His daughter Tresa wrote in November that he had Alzheimer’s disease and was in rapidly declining health.

It was ‘‘One Day at a Time’’ that made Mr. Harrington a household name during its protracted prime-time run.

The star was Bonnie Franklin, playing an independent-minded divorced woman in Indianapolis who struggled to raise two willful daughters (played by Mackenzie Phillips and Valerie Bertinelli). Set against the second wave of feminism, the show explored previously taboo sitcom subjects such as divorce, rape, teenage pregnancy, and menopause.

Franklin’s Ann Romano was both sensible and exasperated as she juggled a career, her home life, and come-ons from men such as Mr. Harrington’s Schneider, a seedy building custodian who told her, ‘‘The ladies in this building don’t call me ‘super’ for nothing.’’

Rendered by Mr. Harrington, Schneider was less a threatening wolf than a clueless chauvinist. Fancying himself a ladies’ man, he sported a Clark Gable-inspired pencil mustache and swaggered about with his tool belt around his waist and a cigarette pack tucked in the sleeve of his white T-shirt.

As the character was conceived, Schneider was a married man and an unrepentant adulterer who used fake maintenance problems to enter women’s apartments. Mr. Harrington, however, doubted that such an unpleasant type would fit in a show filled with far more likable people.

On Mr. Harrington’s insistence, Schneider was recast as a bachelor with a comically grandiose sense of his appeal to the opposite sex. ‘‘At first, Schneider was pretty much a lecher,’’ he told People magazine. ‘‘I made sure that got changed to ‘amorous.’ It bespeaks a certain respect for women.’’

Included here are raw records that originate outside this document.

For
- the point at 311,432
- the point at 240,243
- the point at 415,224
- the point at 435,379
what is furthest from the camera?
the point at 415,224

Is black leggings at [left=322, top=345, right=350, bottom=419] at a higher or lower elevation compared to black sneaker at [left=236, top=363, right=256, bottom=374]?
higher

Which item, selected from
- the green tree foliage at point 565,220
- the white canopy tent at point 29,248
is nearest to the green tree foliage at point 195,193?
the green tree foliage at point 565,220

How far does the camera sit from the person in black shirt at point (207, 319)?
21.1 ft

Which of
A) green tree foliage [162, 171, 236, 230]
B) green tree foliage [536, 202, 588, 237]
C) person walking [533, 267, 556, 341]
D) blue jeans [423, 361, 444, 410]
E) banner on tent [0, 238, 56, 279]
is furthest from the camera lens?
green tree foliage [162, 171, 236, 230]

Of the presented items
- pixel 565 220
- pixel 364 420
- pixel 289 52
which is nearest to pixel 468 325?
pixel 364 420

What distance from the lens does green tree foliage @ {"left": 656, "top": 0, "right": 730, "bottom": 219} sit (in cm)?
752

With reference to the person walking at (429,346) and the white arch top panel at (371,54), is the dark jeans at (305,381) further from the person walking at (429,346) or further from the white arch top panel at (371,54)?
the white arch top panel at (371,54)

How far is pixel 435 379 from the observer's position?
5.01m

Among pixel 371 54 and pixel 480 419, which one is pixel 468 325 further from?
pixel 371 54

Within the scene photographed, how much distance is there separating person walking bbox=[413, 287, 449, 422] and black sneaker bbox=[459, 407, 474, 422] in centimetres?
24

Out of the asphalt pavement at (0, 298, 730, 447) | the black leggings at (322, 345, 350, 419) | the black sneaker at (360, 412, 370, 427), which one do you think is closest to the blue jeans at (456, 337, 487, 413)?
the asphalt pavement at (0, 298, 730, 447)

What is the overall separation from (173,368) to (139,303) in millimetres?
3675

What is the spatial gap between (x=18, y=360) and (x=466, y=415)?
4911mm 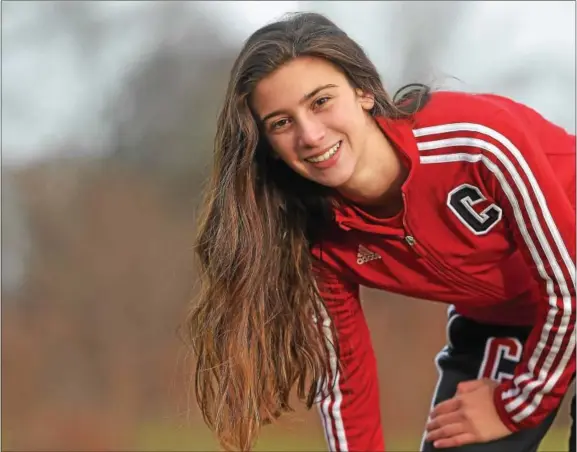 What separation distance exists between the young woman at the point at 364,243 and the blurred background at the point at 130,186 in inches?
32.1

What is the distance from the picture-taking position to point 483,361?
1.16 meters

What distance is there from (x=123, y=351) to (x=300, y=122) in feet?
4.69

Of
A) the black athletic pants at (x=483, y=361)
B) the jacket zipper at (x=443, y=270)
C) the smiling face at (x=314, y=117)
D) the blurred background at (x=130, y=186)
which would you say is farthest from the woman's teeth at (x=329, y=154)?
the blurred background at (x=130, y=186)

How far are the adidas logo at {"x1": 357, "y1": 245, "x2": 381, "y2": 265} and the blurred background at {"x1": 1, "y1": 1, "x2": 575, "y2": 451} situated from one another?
0.94 meters

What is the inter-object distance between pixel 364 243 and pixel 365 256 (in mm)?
20

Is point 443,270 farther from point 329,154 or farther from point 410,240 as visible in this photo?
point 329,154

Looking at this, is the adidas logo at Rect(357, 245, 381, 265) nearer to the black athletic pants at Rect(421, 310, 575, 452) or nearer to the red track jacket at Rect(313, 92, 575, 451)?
the red track jacket at Rect(313, 92, 575, 451)

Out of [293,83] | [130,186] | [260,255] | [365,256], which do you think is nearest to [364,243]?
[365,256]

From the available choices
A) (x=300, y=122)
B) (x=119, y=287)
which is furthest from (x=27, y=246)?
(x=300, y=122)

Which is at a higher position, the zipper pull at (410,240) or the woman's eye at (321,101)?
the woman's eye at (321,101)

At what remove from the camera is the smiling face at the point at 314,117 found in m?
0.90

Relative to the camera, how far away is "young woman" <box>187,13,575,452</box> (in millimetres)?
907

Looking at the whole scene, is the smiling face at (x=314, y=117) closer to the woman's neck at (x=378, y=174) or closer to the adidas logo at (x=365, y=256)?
the woman's neck at (x=378, y=174)

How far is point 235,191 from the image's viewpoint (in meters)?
0.99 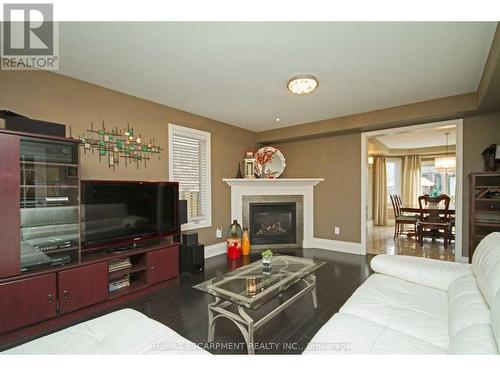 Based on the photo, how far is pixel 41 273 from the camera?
1.91 m

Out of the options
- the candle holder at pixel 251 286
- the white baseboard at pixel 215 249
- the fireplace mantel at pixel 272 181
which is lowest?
Result: the white baseboard at pixel 215 249

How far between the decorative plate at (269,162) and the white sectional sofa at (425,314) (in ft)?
10.6

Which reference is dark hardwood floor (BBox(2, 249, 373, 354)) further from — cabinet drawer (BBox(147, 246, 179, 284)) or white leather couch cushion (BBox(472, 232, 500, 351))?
white leather couch cushion (BBox(472, 232, 500, 351))

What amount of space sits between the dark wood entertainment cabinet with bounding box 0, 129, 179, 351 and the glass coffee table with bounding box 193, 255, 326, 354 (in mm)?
1110

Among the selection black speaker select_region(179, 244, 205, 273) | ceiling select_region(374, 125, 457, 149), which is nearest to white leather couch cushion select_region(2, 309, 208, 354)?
black speaker select_region(179, 244, 205, 273)

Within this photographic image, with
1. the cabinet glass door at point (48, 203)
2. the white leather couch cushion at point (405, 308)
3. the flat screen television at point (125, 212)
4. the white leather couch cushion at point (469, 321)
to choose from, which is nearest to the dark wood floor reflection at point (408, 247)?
the white leather couch cushion at point (405, 308)

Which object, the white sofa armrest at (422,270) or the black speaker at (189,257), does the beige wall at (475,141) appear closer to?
the white sofa armrest at (422,270)

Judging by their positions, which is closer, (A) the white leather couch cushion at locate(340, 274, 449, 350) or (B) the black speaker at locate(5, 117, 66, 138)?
(A) the white leather couch cushion at locate(340, 274, 449, 350)

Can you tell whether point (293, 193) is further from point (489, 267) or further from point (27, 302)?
point (27, 302)

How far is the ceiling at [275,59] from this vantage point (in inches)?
70.2

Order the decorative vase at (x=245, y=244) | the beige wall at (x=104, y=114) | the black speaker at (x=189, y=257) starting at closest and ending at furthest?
the beige wall at (x=104, y=114) → the black speaker at (x=189, y=257) → the decorative vase at (x=245, y=244)

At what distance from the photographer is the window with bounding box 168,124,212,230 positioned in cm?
362

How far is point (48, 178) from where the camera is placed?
2.11 meters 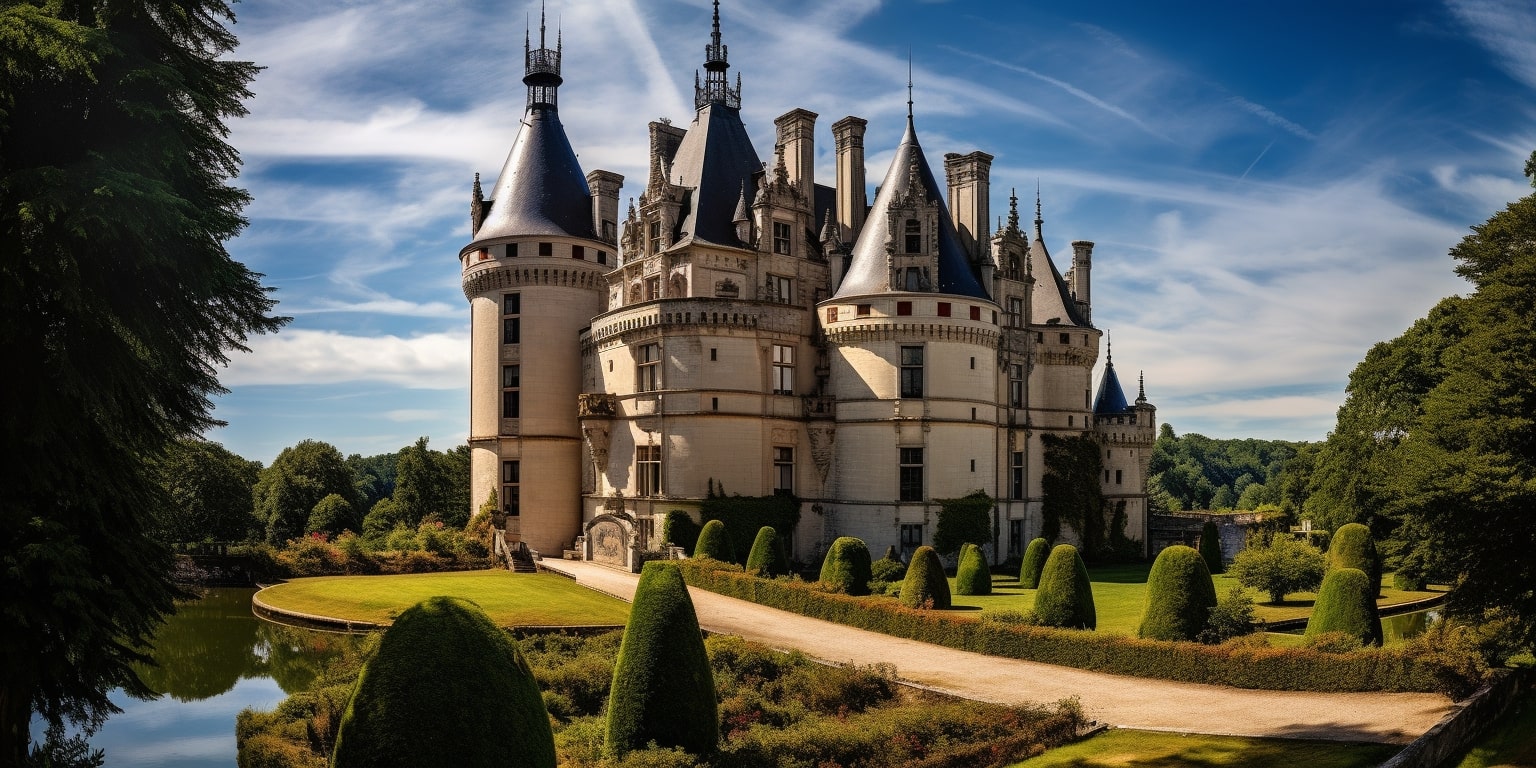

Over the years, Schneider surrendered his pursuit of Romano and became a surrogate father figure to her daughters. In the show’s final year, Mr. Harrington won an Emmy Award for outstanding supporting actor in a comedy series.

In recent years, he popped up as a guest on TV shows such as ‘‘Curb Your Enthusiasm.’’ But in a varied career, he made his peace with being associated with a single sitcom, emphasizing that it had brought him steady work in a notoriously unsteady profession.